Thursday, April 4, 2013

The Power and Pressure of Nostalgia

Nostalgia in advertising can be very powerful. People want to relive their glory days, or re-experience their carefree childhoods, or re-feel the time they first rode a bike, fell in love, watched their children's first steps. When a brand is able to successfully tap into consumers' pasts and stir up these joyful memories, it can influence them to purchase a product in order to bring back that joy.

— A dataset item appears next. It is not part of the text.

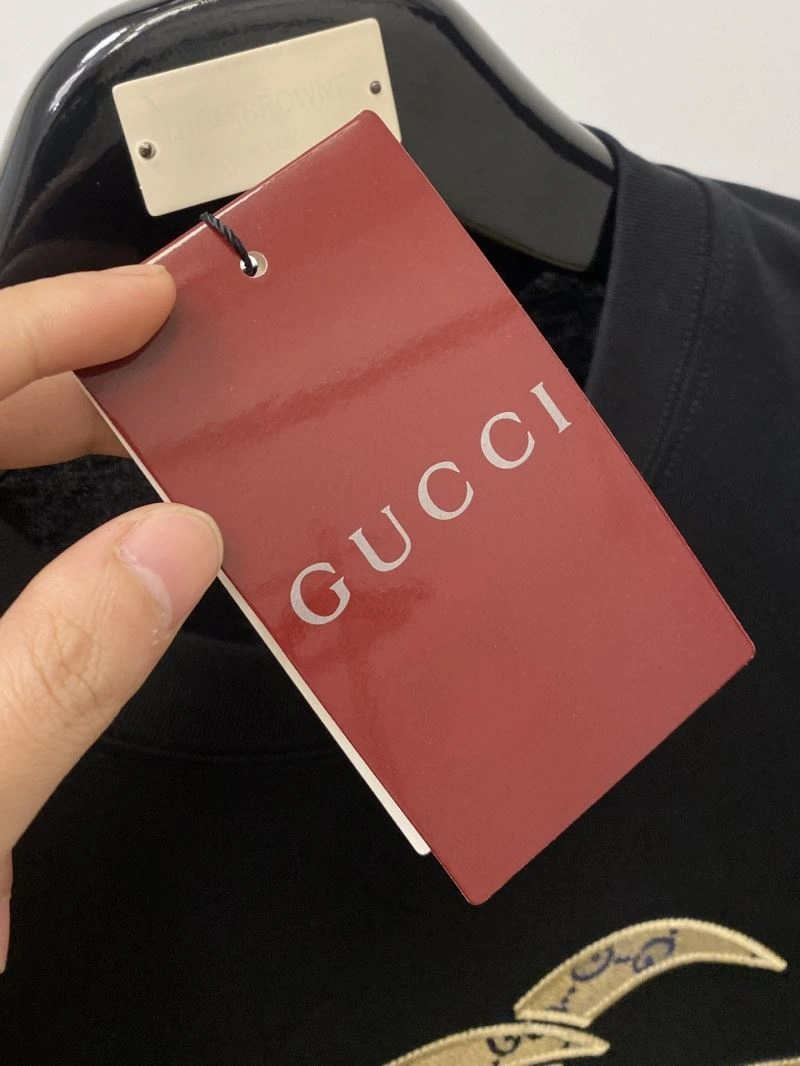 Gucci T-Shirts Premium 127090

I recently came across this ad for Internet Explorer 10 that is marketed directly to my age group and demographic. Watching the ad brought a huge, goofy grin to my face as I remembered my own childhood experiences with each item mentioned. I think this is an extremely successful use of nostalgia in advertising, but that might be because it is so clearly based around my own childhood memories. Nostalgia is a very personalized form of advertising, which is an advantage since it makes consumers feel something near to their own hearts, but it can also be a disadvantage because it must focus on a very specific demographic to have the most impact. Still, if a nostalgic ad can make you relive joyful memories, it's done its job.

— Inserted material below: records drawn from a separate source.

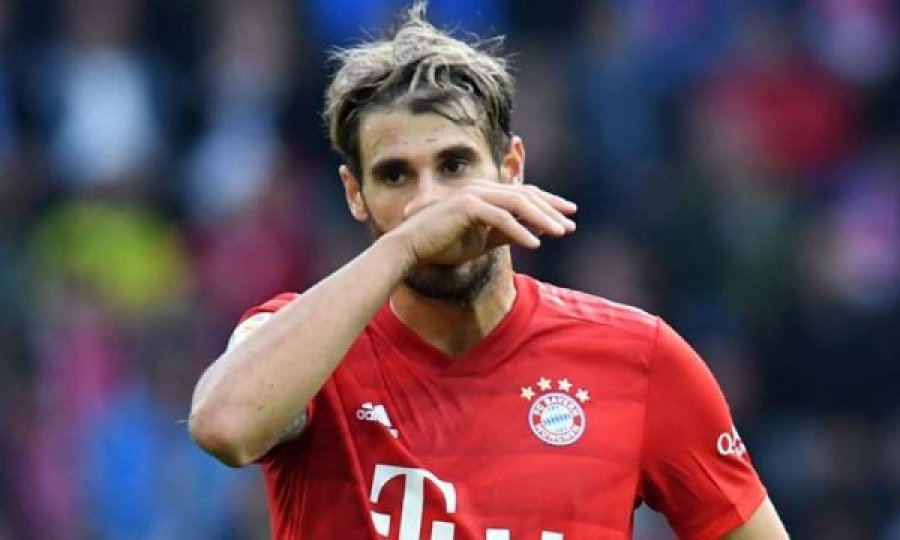 E ardhmja e Javi Martinez në Bayern, ende e pavendosur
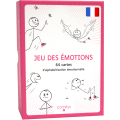 Jeu des Émotions 0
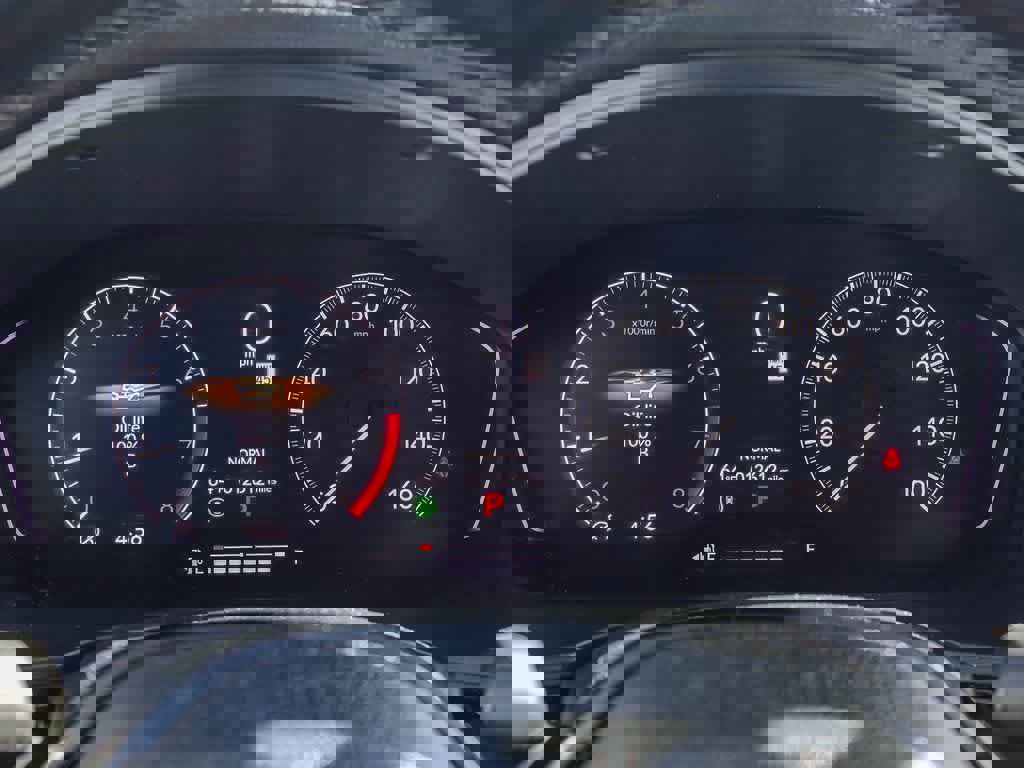 Used 2025 Honda Civic Sport image 23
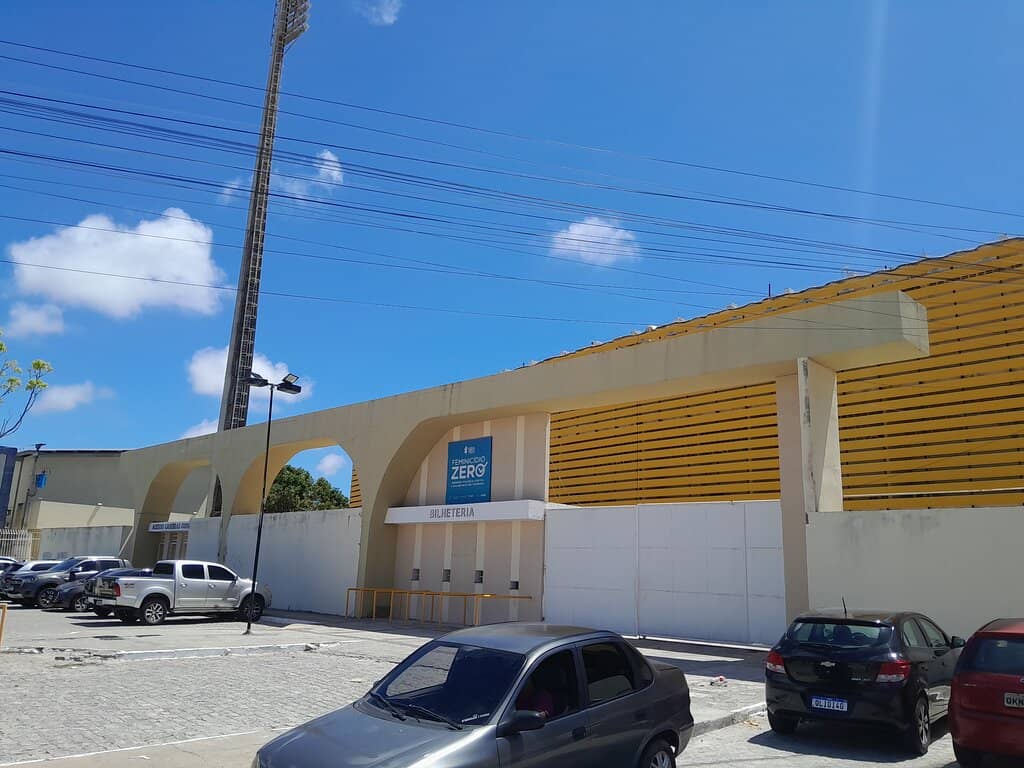 Historic Inauguration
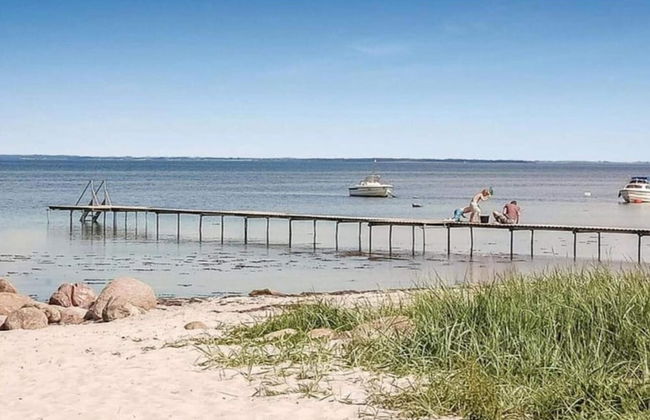 8 Person Holiday Home in Sjolund-by Traum - Foto 42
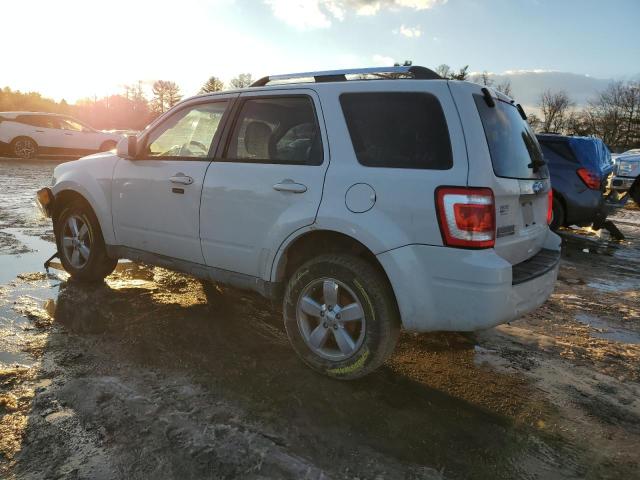 Photo 2 from auction – 2010 FORD ESCAPE LIM with VIN 1FMCU0E71AKB64382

However, this works in the opposite direction, too. People want to forget the pain they've felt in their pasts. When nostalgia in advertising goes awry, it stirs up traumatic memories and can avert consumers' attention from that brand entirely. This is another result of nostalgia's personalization, because what brings up happy memories for one person can bring up sad memories for another.



This ad for Dodge Ram trucks debuted at the 2013 Super Bowl, and was even voted the best Super Bowl spot of the year by YouTube's Ad Blitz competition. I can absolutely see how it appeals to the memories of an older demographic of Americans. I find it to be a very raw and even beautiful remembrance of traditional farm life, which is an important part of countless Americans' identities. But, on a personal level, it reminds me of my father's stories of growing up on a farm in Upstate New York. As a child and teenager, he was overworked and not paid as the youngest of seven on an operating dairy farm. And at age five, a farm mishap left him in a body cast for six months. These stories make me extremely sad as I think about my father in pain, and thus, watching this ad stirs up that sympathy inside and makes me sad, rather than proud.

Nostalgia is undoubtedly a powerful advertising tool. When it's used successfully, it brings a new level of personalization and warmth to a brand identity. But there are many brands that fail to realize the full power of nostalgia. I think this is largely the fault of new brands that have no history or backstory for people to relate to, or even brands introducing innovative new products that are meant to "be the future." There's a great deal of pressure on brands that use nostalgia to keep the memories light and the shadows hidden. When nostalgia works, it really works; when it fails, it really fails.